5 out of 5
Directed by: Yuen Woo-ping
We live in a world with multiple Undisputed and Jarhead films and further “franchises” that I would never have guessed at, so I should not be surprised that Ip Man turned into a sequel-boasting series, extended into a a full-on spin-off with Master Z: The Ip Man Legacy. What I could be surprised at, though, is while it’s lacking in Scott Adkins (something those other mentioned flicks had to varying degrees), Master Z has quite a list of stars, and also steps outside of the shadow of its parent films to actually develop its own characters and mantra. Fair enough, the Ip Man films are all pretty good already, but it’s impressive that the further away we get from that first story, that we’re still maintaining a sense of originality, badass fight choreography, and overall quality.
Max Zhang plays Cheung Tin Chi – the actor and the character both from Ip Man 3 – as a once-Wing Chun master who has seemingly taken to a quieter life as a single dad and shop owner, maybe making some scratch on the side as a thug for hire. The latter point seems minor at first but sets up a fascinating difference between Master Z and the Ip flicks: While in the latter, the Ipster is always pulled in to fighting against his will, Cheung admittedly wants to fight. The overall trajectory is admittedly the same, as both masters retire for various reasons and find themselves all a flippin’ and battlin’ anyway, but the slight shift in each characters’ perspective on the sport of combat makes the Master Z movie delightfully light on its feet, allowing us to embrace the over-the-top cartoonishness of the masterfully mapped out scuffles. Which are intensely delightful, by the way, shot across (and up and down) bright, neoned, stage-like sets that represent busy, dreamlike Hong Kong streets and its bars and restaurants and back alleys, supporting the gravity-defying wirework and the general awesomeness of watching Zhang, Michelle Yeoh, Tony Jaa, and a handful of excellent performers do amazing non-wire-worked things, amazing wire-worked things, and then simply amazingly shot/scripted things, like the juggling of a glass of liquor between Zhang and Yeoh or the wrestler-meets-martial arts match that occurs when Dave Bautista does his thing.
The storyline wrangling these characters together certainly isn’t the most original – Cheung bumps in to the wrong gangster, Tso Sai Kit (Kevin Cheng), sparking a rivalry that leads to Cheung losing his home, fueled all the more by internal gang-beef between Kit and sister Tso Ngan Kwan (Yeoh) over their money-earning operations – but the script doesn’t rush these developments, nor force any overt morality or messaging through them, allowing room for interesting, non-plot-centric quirks for each character and for each actor to bring a relative sense of depth to their roles, appropriate to the heightened, simplified world in which the movie takes place. The story is functional for getting us to fight sequences, yes, but not the extent that it’s wasted screentime: you don’t mind the moments inbetween the action. Even Bautista, given the most one-dimensional part, has such a presence on screen that he’s a blast to watch.

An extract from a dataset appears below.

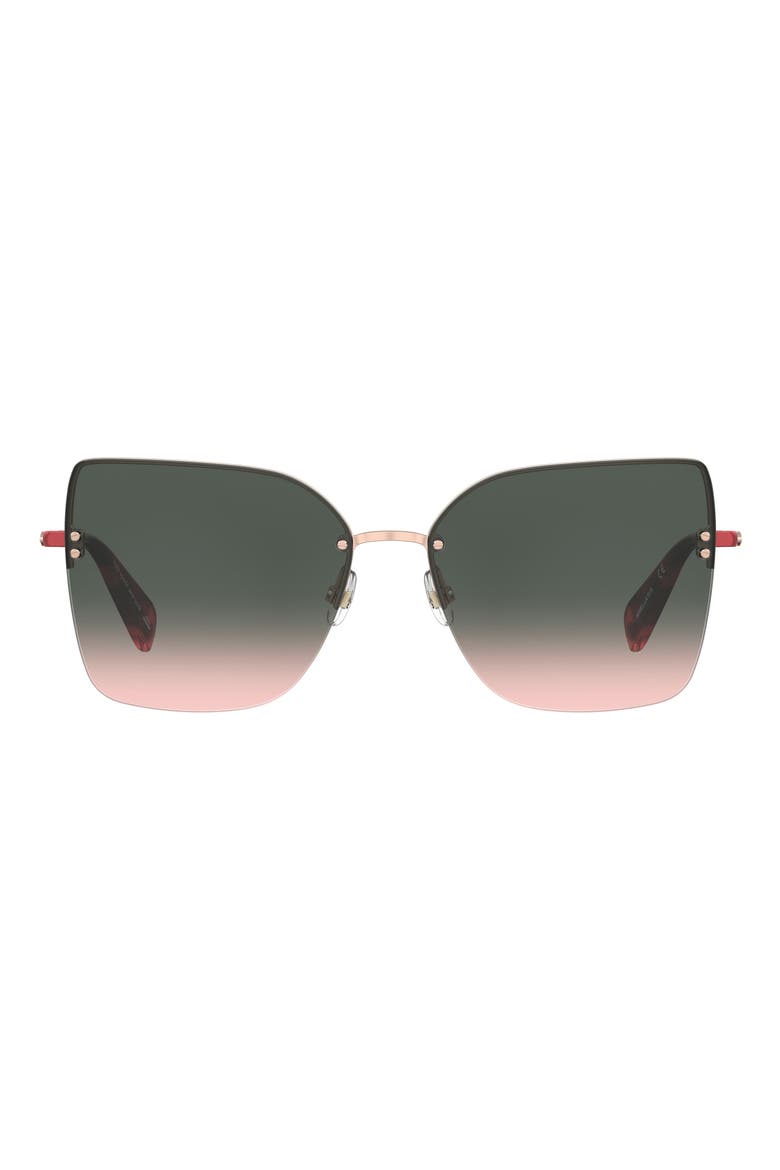 ariellags 58mm gradient cat eye sunglasses, Main, color, RED GOLD R/ GREEN PINK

Ip Man 4 is next in this franchise, but now I’m ready for the Ip extended universe. I’ll watch other spin-offs. I’d watch spin-offs of spin-offs, with Tony Jaa’s mysterious assassin from Master Z given his own flick, or, like, further adventures in the bar where Cheung works… Or more Master Z flicks. It’s not that you haven’t seen all of the various elements of The Ip Man Legacy, to some degree, in other martial arts movies, but it’s a rarity when all those pieces fit together so well and so entertainingly for the entirety of a film.